Con ello queda claro lo siguiente: ya desde el principio no fue un hecho histórico comprobado sino siempre una convicción basada en la fe la afirmación de que con la muerte de Jesús no había acabado todo, y de que Jesús no había permanecido en la muerte sino entrado en la vida eterna de Dios. Pero esa fe no le pide hoy en día a nadie que crea en una intervención «sobrenatural» de un Deus ex machina, contraria a las leyes de la naturaleza. Esa fe descansa en la convicción de una muerte «natural» y de una acogida en la verdadera, auténtica, divina realidad: entendida como el estado final del hombre, libre de todo sufrimiento. Del mismo modo que la exclamación de Jesús al morir: «Dios mío, Dios mío, ¿por qué me has abandonado?» (Mc 15,34), ya ha tomado un giro positivo en el evangelio de Lucas con la cita del salmo: «Padre, en tus manos encomiendo mi espíritu» (Sal 31,6; Lc 23,46), y después en Juan: «Todo está consumado» (19,30).

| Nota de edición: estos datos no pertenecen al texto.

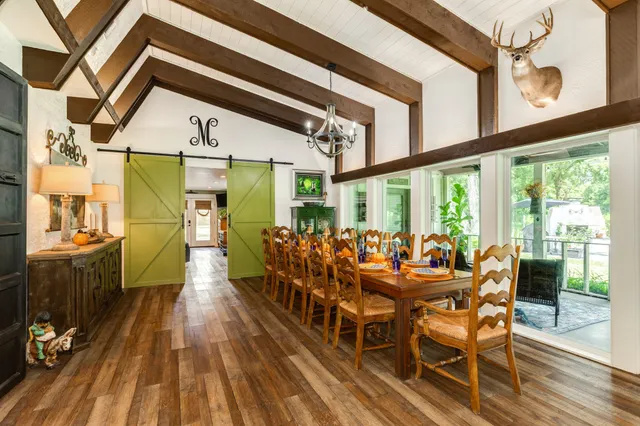 a bathroom with a glass shower door and a sink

Pero ya tenemos la objeción: «¿No quiere usted entonces entender literalmente el dogma relativo a Dios que da vida a los muertos? ¿No tiene que creer el cristiano en el regreso de un muerto a la vida, en una resurrección corporal en sentido fisiológico?». La pregunta del hombre de hoy está plenamente justificada, y tenemos que explicar directamente:

7. Lo que significa y lo que no significa «resurrección»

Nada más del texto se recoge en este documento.